128 bits is safe....
>"we don't think even 128-bit keys can yet be easily broken"
It's not down to the number of bits. Brute force search of a 128 bit keyspace cannot be done, not now, not ever - the number is simply too big. This isn't a case of having a big enough bot net, it's a case of needing all the energy in a couple of suns to do it - not going to happen. Ever.

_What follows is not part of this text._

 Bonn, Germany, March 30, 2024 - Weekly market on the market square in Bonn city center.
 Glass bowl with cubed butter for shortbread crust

Nope... to break a code you need to find a flaw in the algorithm which makes brute force unnecessary. This is what happened to MD5.

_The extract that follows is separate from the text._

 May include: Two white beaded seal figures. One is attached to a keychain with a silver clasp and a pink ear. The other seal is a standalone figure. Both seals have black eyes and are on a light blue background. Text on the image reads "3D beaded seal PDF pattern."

Using two different checksum methods is probably a good idea.
MD5 hash AND Cyclic Redundancy Check... is it too obvious???
Using multiple hash functions turns out not to improve things as much as one might expect. IIRC the paper showing this is by one Antoine Joux.

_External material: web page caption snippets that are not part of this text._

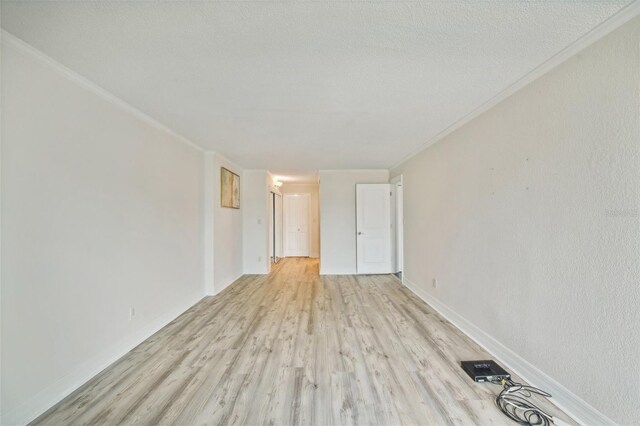 spare room with light hardwood / wood-style flooring, ornamental molding, and a textured ceiling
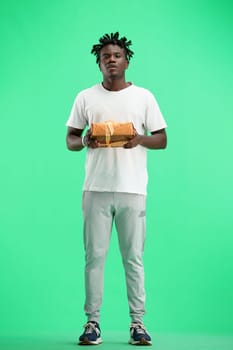 A man, full-length, on a green background, with a gift.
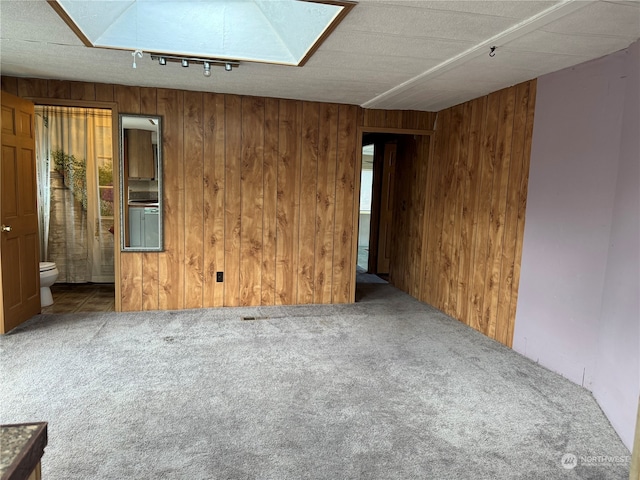 carpeted spare room with a skylight and wood walls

From the get-go, Tripwire (you know, the filesystem integrity checker) was set up to use > 1 hash for this reason. IANAC either but would expect the probability of compromising 2 (or more) hashes to be extremely small -- at this point anyway. Ah, good ol' defense in depth...
@Daniel du Preez
With a bit of tlc, you can add non-executing bytes to an executable without needing the source.
The idea as I understand it is that the malware author would write BOTH executables and have the clean sent to be whitelisted. Once it is then its hash will still match the malware code and the distribution can begin.
"whitelisted by submitting it to a classification server"
Sorry, did I miss something? Either the "classification server" is run by someone *you* trust to show basic competence, or you are letting an untrusted agency run your whitelist and you are a cretin.
re: Or Arbitrarily Slice
Problem with dividing the file into 2 - it wouldn't take a lot of effort to make two sections with that match the two original file halves hashes and join them - after all the second half could just be junk just to get right hash (and pretty much all combinations of slicing and dicing I suspect with have same issues).
> the possible file inputs are nearly infinite
<chortle> Nearly infinite, hey? Well how big is that, since any quantity is by definition, er, infinitely smaller than infinite...
Don't they hire real programmers?
So Symantec is looking for excuses of why its technology won't work. Don't they have smart people working for them? Maybe they should just close up shop.
It is funny how AV companies try to cover their #@$. Hash...hmmm...well I guess if every whitelisting company did it that way. Do any of you know how this whitelisting technolgy became popular? It all began about 7 years ago when a small company came to the Army Research Lab and then to the NSA SPOCK program. Everyone tried to figure out how this company did it...They tried using hash...Now everyone thinks that is how it is done. Why not find the company that started all this? www.seventhknight.com. They don't use hash and they surely are not going to tell you how they do it.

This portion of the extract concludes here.